Equipment
Here is an old picture of the rifle:
The rifle is a BAT SB Left-Left action with a Krieger barrel, a Jewell trigger and a Kelbly HCFB stock. The Weaver T-36 scope in the picture has been replaced with a Weaver XR T-36. The huge recoil pad is gone. With the side focus of the XR T-36, I can adjust for parallax without assistance.
Russ Haydon put the rifle together for me with the understanding that I was not serious about competition but just wanted a very accurate Varmint rifle that I could shoot off a bench at the club or a portable bench in the field. This makes more sense if you understand I am a 68 year old disabled guy rather new to shooting, who cannot off-hand a rifle. My right hand and arm are no help in any part of the shooting process. I just need to keep them out of the way. It was with that understanding that we selected the specific components. Then, when I met a few competitors, I got sucked into trying my hand at competition. I could be cynical and assume they just need someone to hold down last place at the competitions up-coming this year but I am not that cynical.

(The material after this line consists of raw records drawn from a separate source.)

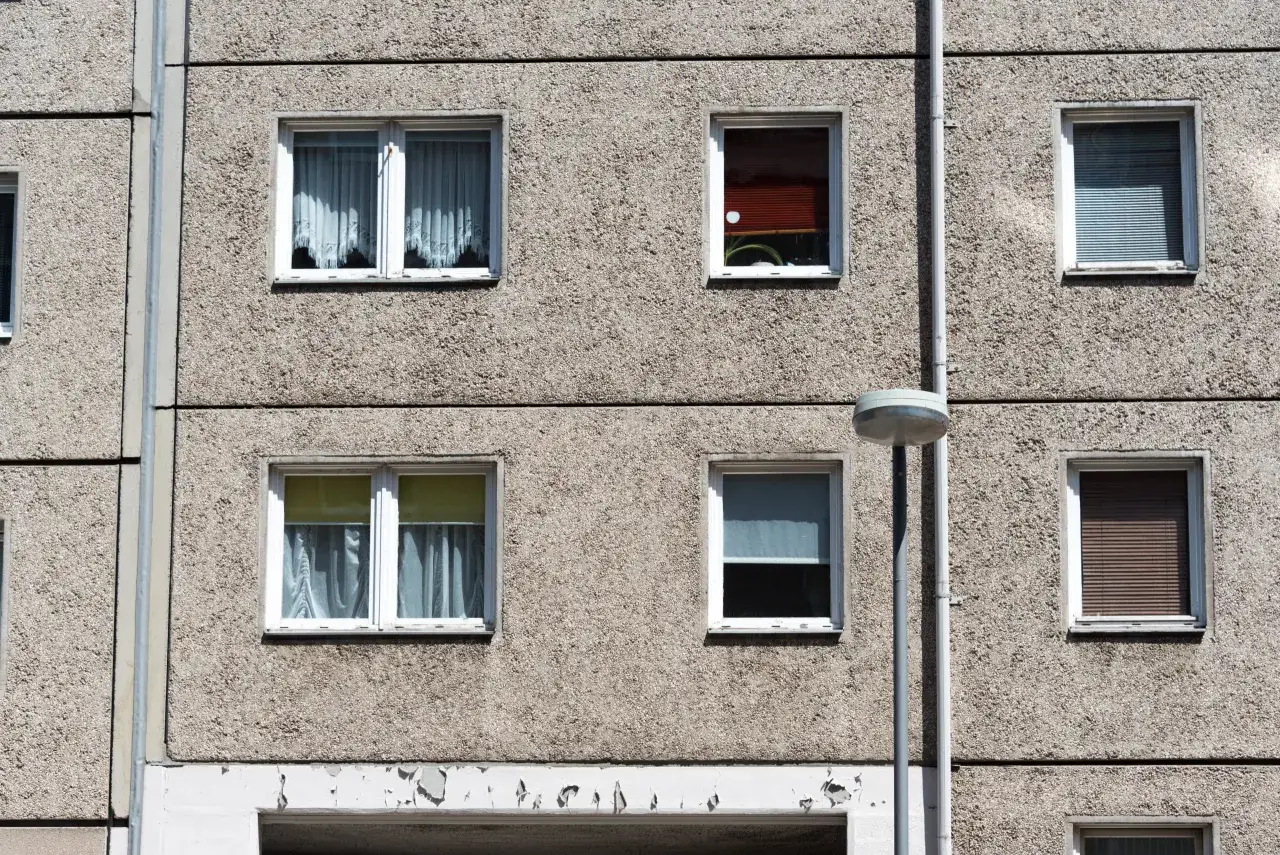 Ściana domu z wielkiej płyty z kilkoma oknami, niektóre z zasłonami, inne z roletami.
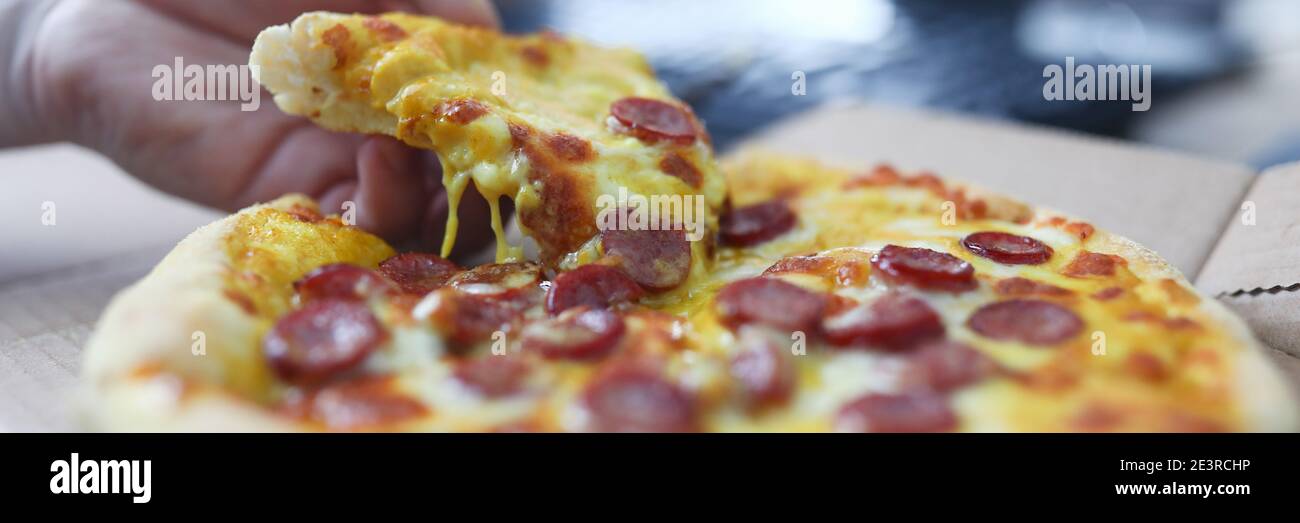 Mann nimmt Pizzablecken mit Wurst Nahaufnahme Stockfoto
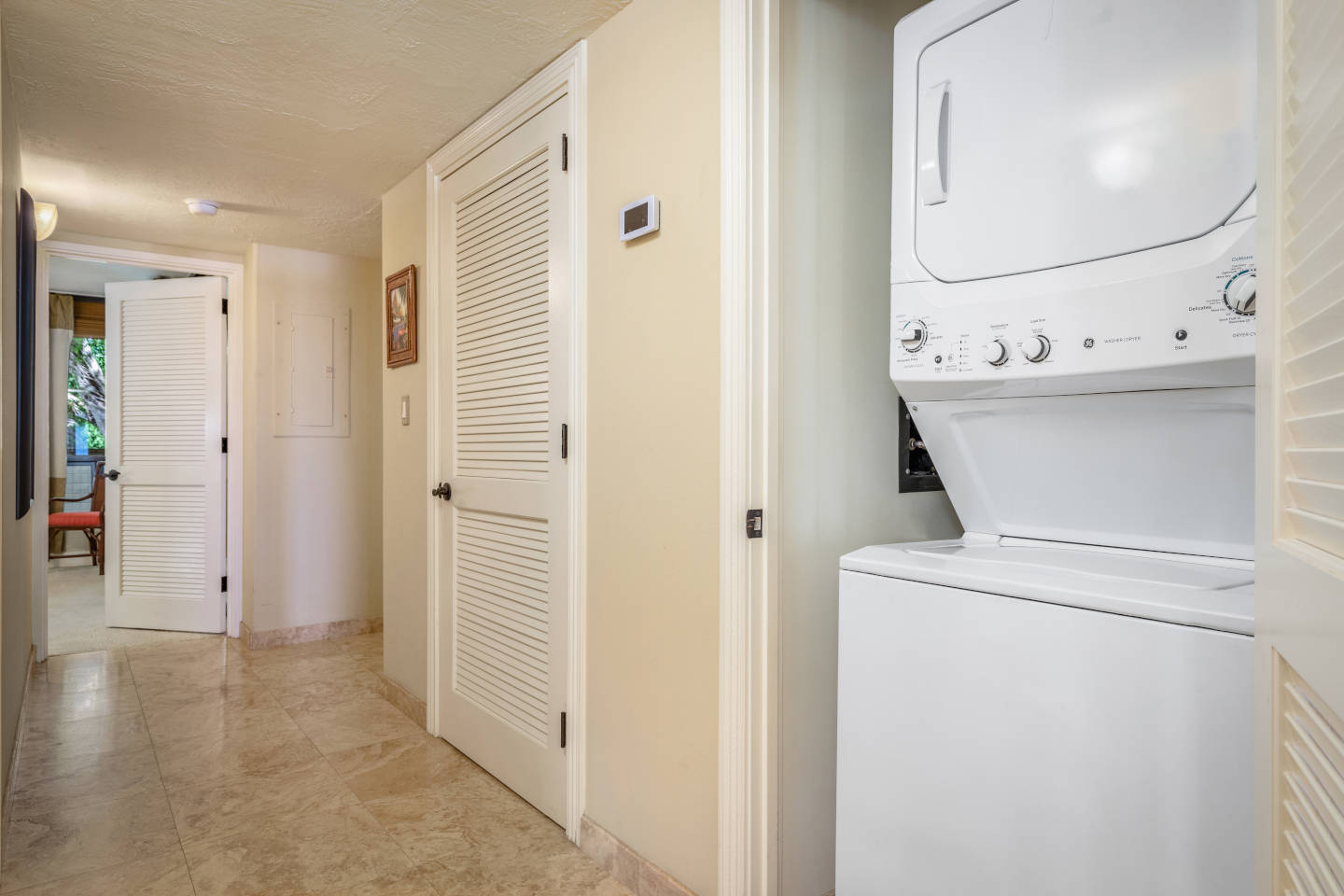 Washer and dryer combo unit in-room in the hallway area.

I am still using the same rear bag in the picture, but I bought an SEB NEO last year for a front rest. The SEB is smooth, fast and stable, so I have no excuses there. I am now loading with an arbor press Russ Haydon modified for me, Wilson hand dies, an RCBS hand primer and an RCBS ChargeMaster 1500 scale and dispenser. With my rifle, BR setup and my home made loads, I have frequently made 100-yard, 5-shot groups that look like this:
and this:
You will notice those were in calm wind conditions and that they are at 100 yards. Now moving out to 200 yards, loading at the range and learning to read the flags in windy conditions has upped the level of difficulty several magnitudes. No problem. It gets me to drag my old bones out of the house and gives me something new to learn. As the old guy in the Monty Python movie once said, "I don't want to go on the cart." "I'm not dead yet."
Did I say, "no problem." I mean it. Sure I grumble. It doesn't mean anything. If I seem to ask a lot of questions, that is how I learned nearly everything I know. Ask and listen to the answers...what a concept. If sometimes I seem to be asking the same question again, it is because I am not sure I understood the answers I got the first time.